My average bill is +/-100$ with max in winter time ~150$

On one hand going green sounds like a noble goal, but we also want to address the issue to stay with power in case of outages.

Wonder if anybody has done this and wants to share feedback.

Thx
 
While the idea of going solar is appealing to many folks, the actual numbers may prove not cost effective. How long will it take to pay off your system with lower bills (Your electric bill is already fairly low) ?
 
While the idea of going solar is appealing to many folks, the actual numbers may prove not cost effective. How long will it take to pay off your system with lower bills (Your electric bill is already fairly low) ?

Definitely a consideration.
But for this exercise we can say it's out of consideration.
 
I just went through the exploring the idea phase. One tip is to get multiple quotes. It was a big spread and well worth the effort of obtaining 3 quotes.

For cost efficiency, I opted to wait until I need to replace my roof. I've got maybe 5 years or more left in it, then I plan to go solar.
 
I just went through the exploring the idea phase. One tip is to get multiple quotes. It was a big spread and well worth the effort of obtaining 3 quotes.

For cost efficiency, I opted to wait until I need to replace my roof. I've got maybe 5 years or more left in it, then I plan to go solar.

Good thx.

Did you get any idea on how long can you survive on a battery in case power outage ?
 
Wanabe, In determining your project scope, make sure to inquire about whether you can connect/disconnect from the grid here in CA in the event of an outage. My understanding is that if you connect a solar system to the grid here, then the solar won't work when the grid is down. That would leave you with the option of a stand alone system with batteries (and no "sell" back to the grid if you produce more than you use).

I'm not knowledgable about how to configure a stand alone system to provide power for a specific need (and suspect that specific need would need to be regularly powered off-grid once the system is set up). Anyway, just a potential issue to explore while developing/reviewing options.

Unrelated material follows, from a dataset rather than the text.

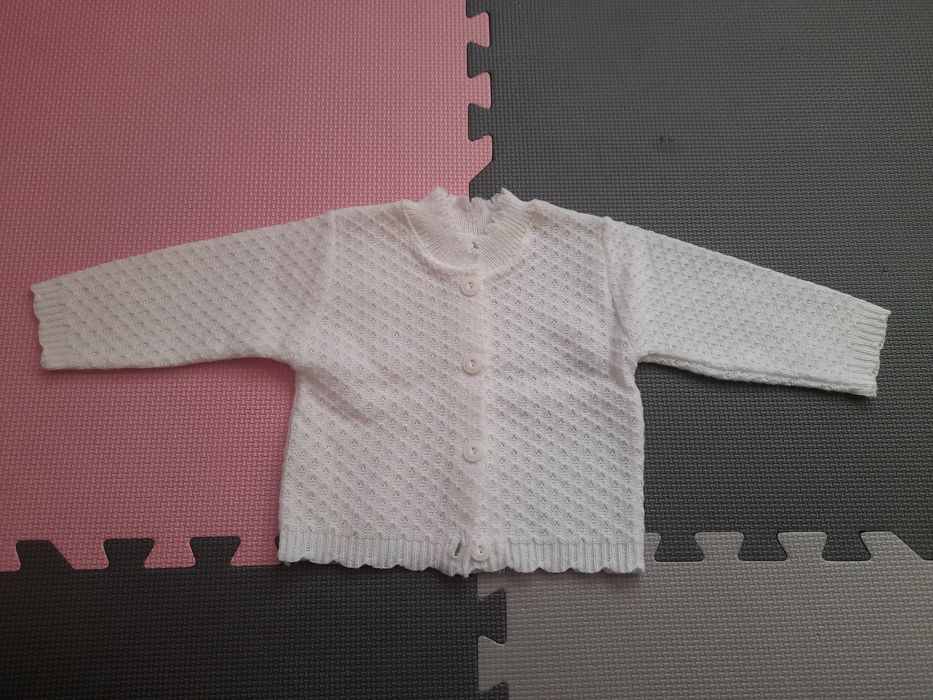 Nowy bez metki elegancki sweterek rozmiar 74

Maybe there's a "switch" that could connect/disconnect to the grid? I asked and got a muddled answer that was either "you can't do that" (meaning a violation of code), or "we won't do that" (because we just don't do those) - and I never really clarified since clearly the contractors were either experienced and it is not allowed, or not experienced with it and unwilling to consider it.

I'm in the SF Bay Area, and the cost/benefit of traditional solar just wasn't worth it without the ability to keep me powered during outages, and going off grid entirely wasn't a viable option. Once I found out traditional grid connected solar wouldn't provide significant backup power in the event of an outage/public safety power shutoff here, I was done.

NL
 
Good thx.

Did you get any idea on how long can you survive on a battery in case power outage ?
That is a complex question, which of course depends on what electrical loads you expect to run, how big of a battery you want to pay for and if the solar application allows it to provide power when the grid if off (some do).
 
Good thx.

Did you get any idea on how long can you survive on a battery in case power outage ?

It depends on the size of the battery in the system, relative to what you are using. Same with how large a solar array you will need, and this also depends on your location (latitude, and cloud cover), and the orientation of the roof.

Start out with knowing how many kWh you typically use a day, and go from there.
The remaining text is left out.